Charles Cheek stood still in the midst of the dance. ‘You gave my necklace to her!—Impossible.’

‘Ask her next time you meet. She will tell you it is true, Now tell me something. How come you to know Court Royal?’

‘That is easily answered. Mr. Worthivale, the steward, is my cousin. I have been staying with him, in exile—because of you. My father has sent me there into banishment.’

‘That is why I have not seen you in Plymouth?’

‘Yes—and—, I will confide something more to you that affects me greatly. You will hear it talked about shortly. I am going to marry Lady Grace Eveleigh.’

Joanna stood still, and stared at him. ‘Impossible!’ she said.

‘It is true—I assure you it is true.’

‘I will dance no more,’ said Joanna abruptly. ‘Take me to a chair.’

‘Remember you owe me the next waltz.’

‘I will not dance with you again.’

She remained seated during several dances; the gentlemen came round her, entreating her to honour them, but she refused all. She said she was tired.

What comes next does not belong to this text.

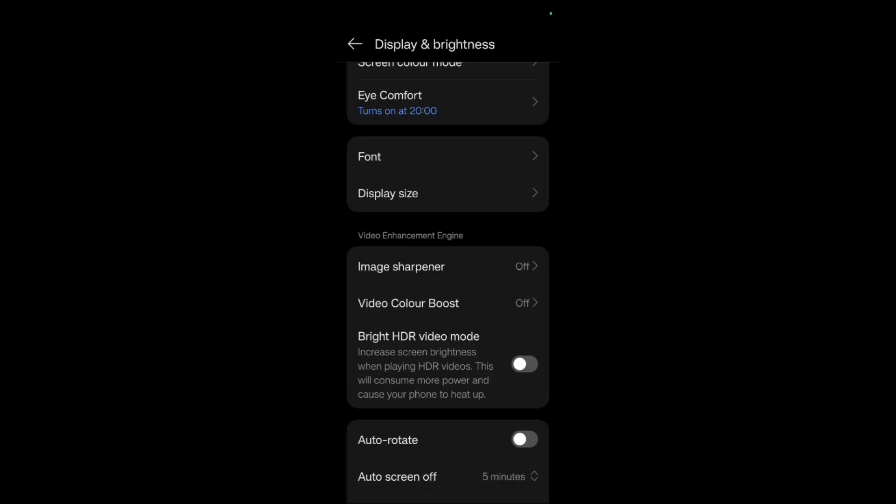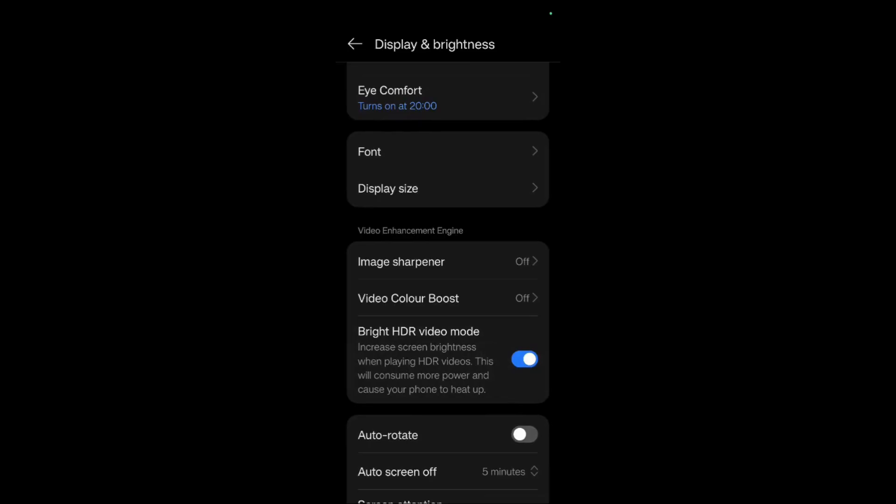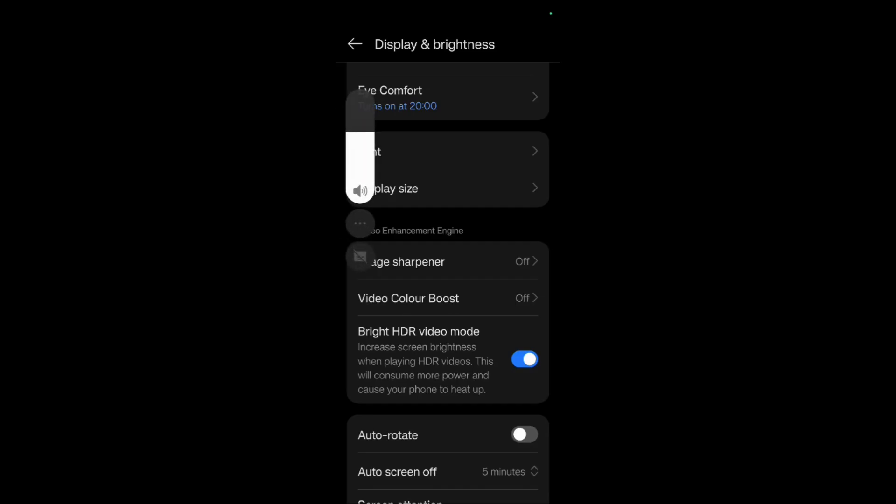In order to enable this, simply click onto this toggle. Now you can see that Bright HDR video mode has been successfully enabled in my Android device. That was all for this tutorial. Thanks for watching and have a nice day.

At first Joanna was occupied with her own thoughts, and paid no attention to what passed about her, but she presently woke to the sense that she had seated herself in a wasp’s nest. The ladies around her were faded beauties or mothers, and resented the arrival of a stranger on their preserves who carried off the beaux from themselves or from their daughters.

By slow degrees she was roused to give attention to the conversation that went on about her, and to become aware that words were flying around barbed and poisoned.

‘Who is that child in pink yonder?’ asked a handsome lady on the verge of thirty, who must at one time have been a queen of beauty. ‘Can you tell me, Mrs. Delany? It is cruel to send children who cannot be over seventeen, and ought to be in bed and sleeping.’

The lady addressed sat on the other side of Joanna. Joanna looked sharply round; she was curious to see Mrs. Delany, in whose service she was supposed to have been so many years. That lady shrugged her shoulders contemptuously, and, returning Joanna’s stare, answered the faded beauty.

‘My dear, how can I tell? The ball has ceased to be select. What the committee can be about is more than I can answer, admitting persons of whom one knows nothing.’

‘Is that worse,’ asked Joanna innocently, ‘than giving characters to servants you have never seen? There was much talk of a lady having done this when I was at Court Royal.’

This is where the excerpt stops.